I was about toride a Dragon. For real, not in a dream. Or while out cold.

The concept barely penetrated my current state of unreality. Matt shifted his grip to beneath my arm and helped boost me from the foreleg to a seat astride the muscular neck behind Cody. I nestled between the spikes along the spine. Then the Dire pulled himself up behind me, and offered a hand down to Cara, who was, apparently, coming back with us.

She waved away his hand and pulled herself neatly up in front of Kitani, twisting to take one of the twins from her.

“Alls aboards?” inquired Tyrez. I grabbed the spikes in front of me. His long head tilted back toward us. “Keeps all hands inside the aircrafts.”

Cody snorted a laugh. “Like you’ve ever flown on an aircraft. Just point your lizard nose and go.”

The banter did undo a bit of the knot within me, which was likely the entire point.

“Holds ons,” the Dragon warned, and spread his wings.

Then he vaulted into the sky.

My numb state vanished in that instant. Every beat of his enormous wings was reflected in the muscles beneath me. I clung to the spikes in front as I was thrust against the ones behind.

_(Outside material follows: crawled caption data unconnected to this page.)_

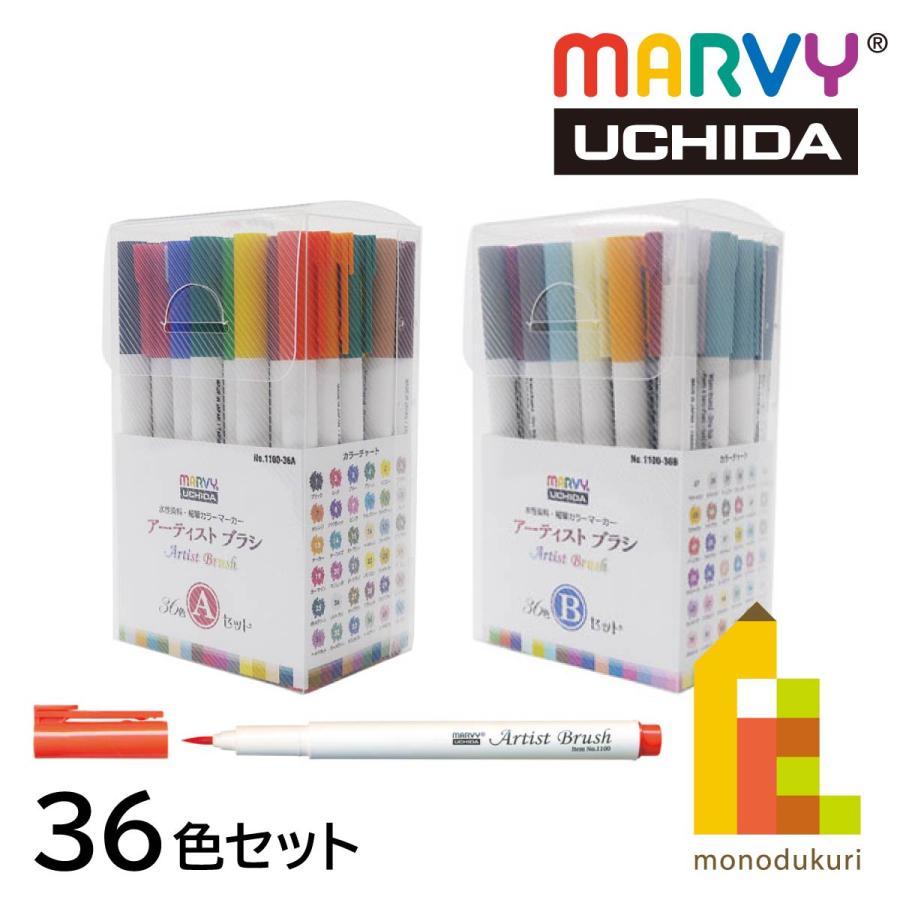 マービー 水性染料細筆マーカー アーティストブラシ 36色 【Aセット
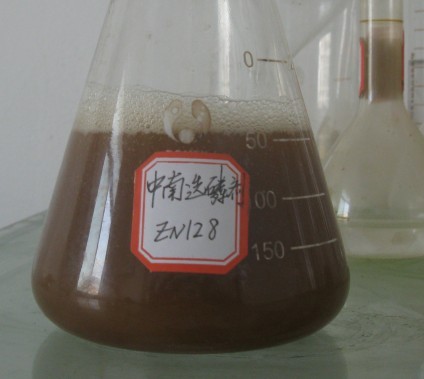 硅钙质型胶磷矿选矿捕收剂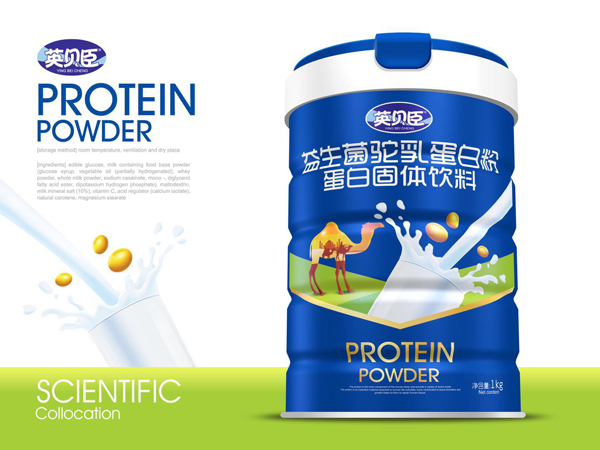 英貝臣益生菌駝乳蛋白粉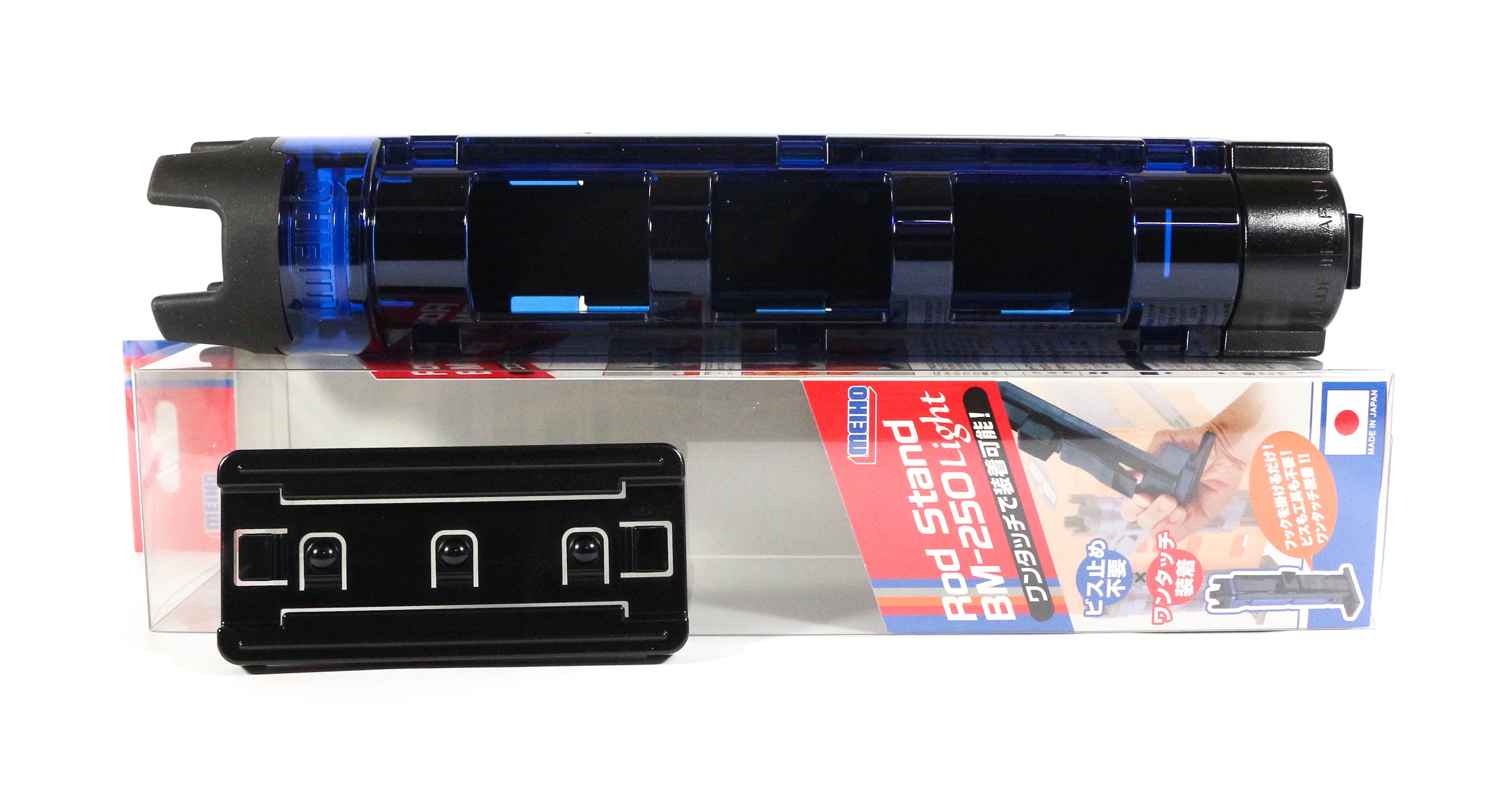 Meiho BM-250 Light Rod-Holder (50 x 54 x 283 mm) Blue (3006)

It was nothing like my dream. Then, I’d felt a part of every flap of Talakai’s wings. Now, I was very much a passenger clinging to Tyrez’s neck spikes.

Strong arms wrapped around me, and Matt pushed his face forward until he spoke right into my ear.

“Blimey, it’s great,” he said, the wind whipping the words away.

Great wasn’t the word for it. The hotel roof fell rapidly away below, and then behind us. I gulped and kept my eyes focused on Cody’s broad back, grateful that he’d also managed to find a cloak to cover himself. There was only so much gorgeous nakedness that a woman could be expected to handle. The fact that the cloak had blown back off Matt’s muscular thighs was already giving me heart palpitations.

I leaned back into his solid warmth. What was left of my ponytail was blown to bits—my hair must be all but blinding him as it whipped in the wind. But as the Dragon leveled off, I got brave enough to once again look down.

And I saw the river.

It writhed in the early morning light, and my mouth fell open. Sebastian and I had swum that? It was well over its banks, swirling through forest with such rapidity that the water foamed in places.

I wasn’t the only one thinking it. “I can’t believe you swam that,” Matt said into my ear, and his arms tightened around me. “I was bloody pushin’ the panic button when I spotted that gnarly river on the way over.”

I closed my mouth before anything could get sucked in. “It wasn’t fun,” I stated. But looking at it now, I realized he must have wondered if we’d made it across. It had been a closer call than either I, or the Bellati, were likely to ever admit.

I turned my head toward his. “Sebastian was amazing. He got us through.”